One way of describing Walkaway would be an inverse Atlas Shrugged. In Ayn Rand’s story the capable few are exploited by the incapable masses and choose to leave conventional society and start their own. Cory Doctorow’s flips that with the capable masses, exploited by the incapable few, picking up and starting over elsewhere. The resulting walkaway society is something of a communist Galt’s Gulch but with “From each according to his ability, to each according to his needs” replaced by “From those who desire to contribute, to those who desire to consume.” The key to this functioning walkaway society is fabricators which input old goods and output new goods. If you desire a new shirt, you dump your rubbish bin into the fabricator, pick out the design you want, and it 3D prints one for you.

In a more conventional sense this is an exploration of universal basic income. What will happen if we separate someone’s ability to survive from their participation in the economy via employment? Where does that leave the rich? The poor? The powerful? The weak?

Walkaway takes that a step further and with the separation of body and self with the characters learning to scan and upload their minds to computer clusters. Doctorow does a good job discussing the question of whether or not a simulated you is actually you though his characters have varying degrees of acceptance of that. Most seem to conclude that, yes, a simulation of you is you but in a different form.

Where Walkaway fell short, and where the novel Accelerando by Charles Stross excelled, is diving into the implications of this transhuman future. In the Walkaway world the simulation of the mind allows one to continue to live after their body experiences death. Stross takes the same premise and examines what that means for the future in regards to the economy (computer simulations owning things in the real world), resources (mining in space), and space travel (when you can send virtual people rather than physical bodies).

After reading Walkaway the question that is going to be on the mind of every economist and computer scientist is, who is going to provide the computational resources to meet the spiraling demand as humanity leaves the physical realm and enters the digital one? Doctorow does not address that and I think his work suffers a bit for it. We are presented this radical vision of the future but missing the key component that gets us from here to there.

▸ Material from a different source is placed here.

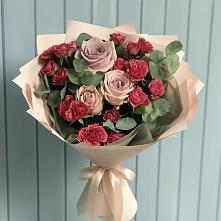 Букет цветов из:  Гвоздики и Розы #REPLACE_PRED# Ахтубинске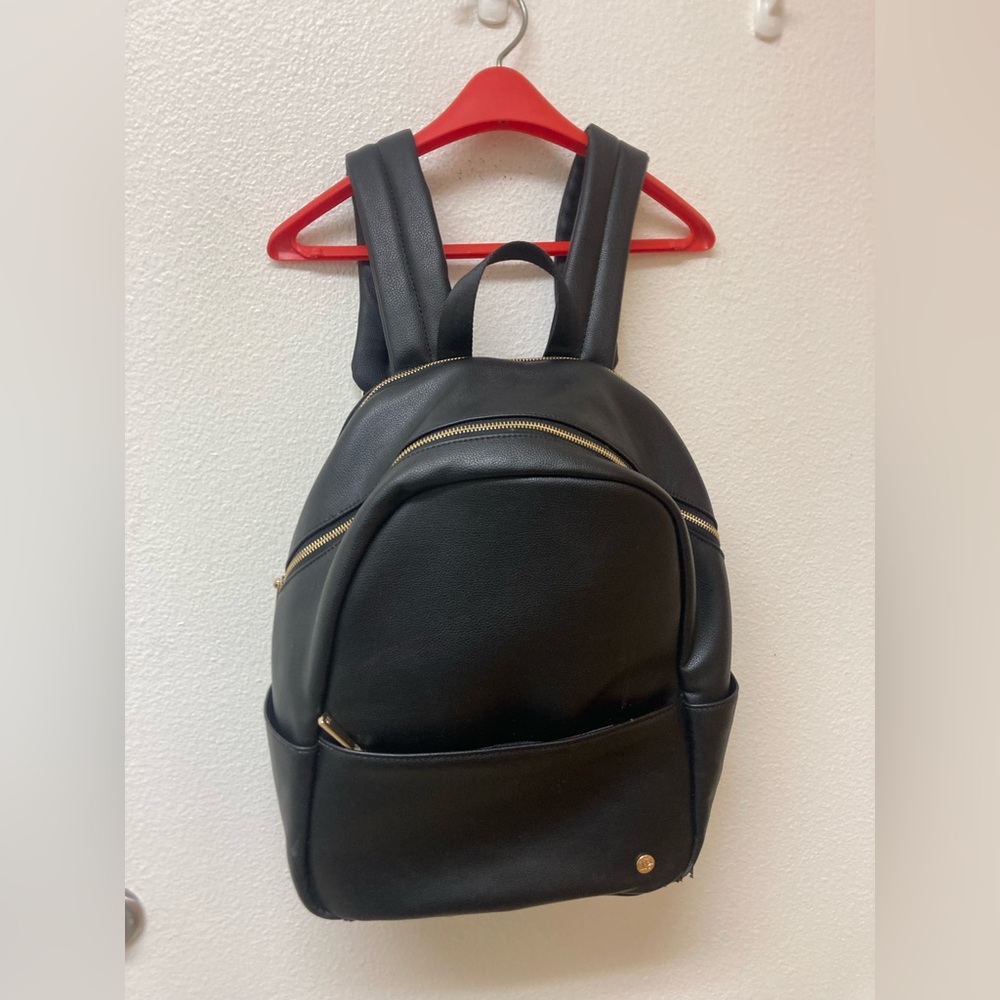 LITTLE UNICORN Diaper Backpack in Black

Another view of Walkaway would be as a digital nomad manifesto (notwithstanding the 4-Hour Workweek). On the Road provided many a dream of dropping out of conventional society and seeking adventure. Walkaway might be that for this digital age where one can roam the fringes of civilization yet still participate in our global discourse. All one requires is a tavern with an Internet connection and a place to lay their head.

In this case Doctorow does recognize the reality that many nomads eventually find. Wandering the world is a young person’s game. In the novel, as in life, once children enter the equation one is inclined to settle into a location and to begin accumulating rather than continue globe-trotting with all of their possessions in a single bag.

Ultimately what Walkaway is about is class struggle and the means that some will go through to maintain the status quo and others to escape the rat race. Power. Freedom. Two ideals that mean different things to different people and are as old as humanity itself. Doctorow provided some excellent fodder for the discussion. Perhaps it is a discussion without answers.